Apple’s amazing growth spurt earlier this decade set it up to become the most valuable technology company on the planet. A slower growth period followed. But when Apple announces its fiscal first quarter results today, it is poised to step on the accelerator once again.
Analysts, on average, expect Apple to report December-quarter sales of $67.5 billion, up 17% over the prior year. That would be Apple’s largest percentage increase in two years, since it grew 18% in the December 2012 quarter.
What’s driving Apple’s growth? One word: iPhone.

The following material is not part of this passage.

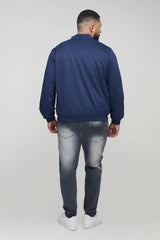 Plus Faux Suede Regular Fit Bomber Jacket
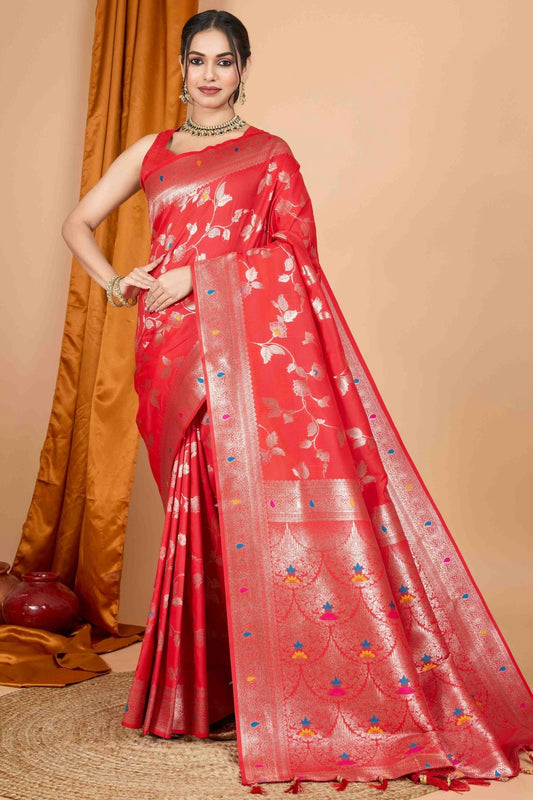 Red Banarasi Silk Woven Traditional Saree NCSD11110468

Some analysts predict Apple could report more than 70 million iPhone shipments for the December quarter, which would be its biggest ever, by almost 20 million units. Indeed, the iPhone—which typically represents more than half of Apple’s overall sales—leads the company’s growth almost every quarter. The Mac, which was shrinking for a while, is now bouncing back, and could set another sales record today. The iPad, on the other hand, has recently been a disappointment.
What about the other big Apple word these days: China?
We’ll see how things shape up this quarter. The FT cites analysts who think Apple will report more iPhone sales in China this past quarter than in the US. The Americas region led Apple’s growth in the September quarter, while China sales growth has been uneven—especially due to a regulatory delay in the roll-out of the iPhone 6 and 6 Plus. (It’ll be particularly interesting to see how this changes when Apple starts including its retail sales within its geographic regions, instead of as a separate segment, starting this quarter.)
As for Apple’s earnings report today, the most important thing to watch is its sales forecast for the current, March quarter. Everyone is expecting a huge Christmas—but does Apple expect the iPhone’s momentum to last? Will the Apple Watch play a role?
The analyst consensus estimate for March-quarter revenue is around $53.7 billion, which would represent roughly 18% year-over-year growth—another solid performance.